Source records

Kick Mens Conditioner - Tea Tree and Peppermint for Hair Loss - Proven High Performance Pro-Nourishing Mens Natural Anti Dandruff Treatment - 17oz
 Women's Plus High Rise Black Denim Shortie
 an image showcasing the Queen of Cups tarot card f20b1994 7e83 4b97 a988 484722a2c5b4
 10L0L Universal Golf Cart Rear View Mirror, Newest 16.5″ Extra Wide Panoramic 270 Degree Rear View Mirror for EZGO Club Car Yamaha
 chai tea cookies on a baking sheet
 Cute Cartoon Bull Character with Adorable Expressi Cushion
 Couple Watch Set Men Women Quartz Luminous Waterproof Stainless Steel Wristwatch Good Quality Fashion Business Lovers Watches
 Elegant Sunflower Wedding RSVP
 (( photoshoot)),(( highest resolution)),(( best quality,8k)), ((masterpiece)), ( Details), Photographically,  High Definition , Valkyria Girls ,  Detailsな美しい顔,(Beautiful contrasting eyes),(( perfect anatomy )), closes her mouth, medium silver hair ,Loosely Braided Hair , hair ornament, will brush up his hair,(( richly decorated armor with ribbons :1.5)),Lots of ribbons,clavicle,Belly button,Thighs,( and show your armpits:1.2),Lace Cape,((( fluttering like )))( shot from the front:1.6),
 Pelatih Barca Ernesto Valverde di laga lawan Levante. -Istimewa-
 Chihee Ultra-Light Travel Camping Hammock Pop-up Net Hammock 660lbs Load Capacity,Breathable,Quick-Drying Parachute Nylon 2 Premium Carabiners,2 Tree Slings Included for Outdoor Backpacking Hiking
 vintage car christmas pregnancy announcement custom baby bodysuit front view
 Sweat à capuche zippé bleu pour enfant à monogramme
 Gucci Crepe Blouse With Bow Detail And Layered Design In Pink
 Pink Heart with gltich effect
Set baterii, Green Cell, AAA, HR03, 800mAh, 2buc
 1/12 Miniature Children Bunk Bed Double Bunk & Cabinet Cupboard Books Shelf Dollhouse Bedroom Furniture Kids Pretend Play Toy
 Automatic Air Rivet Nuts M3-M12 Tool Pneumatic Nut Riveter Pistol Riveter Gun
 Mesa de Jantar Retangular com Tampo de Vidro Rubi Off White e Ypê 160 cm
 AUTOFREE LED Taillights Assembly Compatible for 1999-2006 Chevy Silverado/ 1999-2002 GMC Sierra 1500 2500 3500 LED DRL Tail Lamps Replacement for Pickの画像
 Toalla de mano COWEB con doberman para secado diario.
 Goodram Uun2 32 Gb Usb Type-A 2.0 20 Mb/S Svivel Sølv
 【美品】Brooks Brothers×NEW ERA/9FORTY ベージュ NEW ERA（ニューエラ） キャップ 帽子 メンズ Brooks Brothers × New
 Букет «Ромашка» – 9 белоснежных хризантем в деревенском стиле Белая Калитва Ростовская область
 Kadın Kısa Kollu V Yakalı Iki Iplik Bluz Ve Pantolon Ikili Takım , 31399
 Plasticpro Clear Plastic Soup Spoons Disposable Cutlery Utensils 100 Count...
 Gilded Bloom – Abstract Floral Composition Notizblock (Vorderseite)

WHAT THE TASK REQUIRES –
Go through the entries and copy every line with "Pink".

YOUR RESPONSE –
 Gucci Crepe Blouse With Bow Detail And Layered Design In Pink
 Pink Heart with gltich effect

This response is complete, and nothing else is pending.